### Data shown
↓

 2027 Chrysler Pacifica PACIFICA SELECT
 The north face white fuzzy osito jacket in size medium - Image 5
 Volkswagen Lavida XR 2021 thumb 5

↑
↓

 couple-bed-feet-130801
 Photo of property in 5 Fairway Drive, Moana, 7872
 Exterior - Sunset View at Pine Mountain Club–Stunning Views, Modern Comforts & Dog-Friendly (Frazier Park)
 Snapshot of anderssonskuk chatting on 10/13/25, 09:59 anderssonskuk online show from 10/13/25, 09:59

↑
↓

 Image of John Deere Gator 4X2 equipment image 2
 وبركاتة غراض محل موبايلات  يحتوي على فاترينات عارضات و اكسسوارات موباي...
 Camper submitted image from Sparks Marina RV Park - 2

↑

### Your goal
From the records above, reproduce exactly the lines from the one with "2027 Chrysler Pacifica PACIFICA SELECT" to the one with "Volkswagen Lavida XR 2021 thumb 5", both included, and no others.

### Solution to this problem
 2027 Chrysler Pacifica PACIFICA SELECT
 The north face white fuzzy osito jacket in size medium - Image 5
 Volkswagen Lavida XR 2021 thumb 5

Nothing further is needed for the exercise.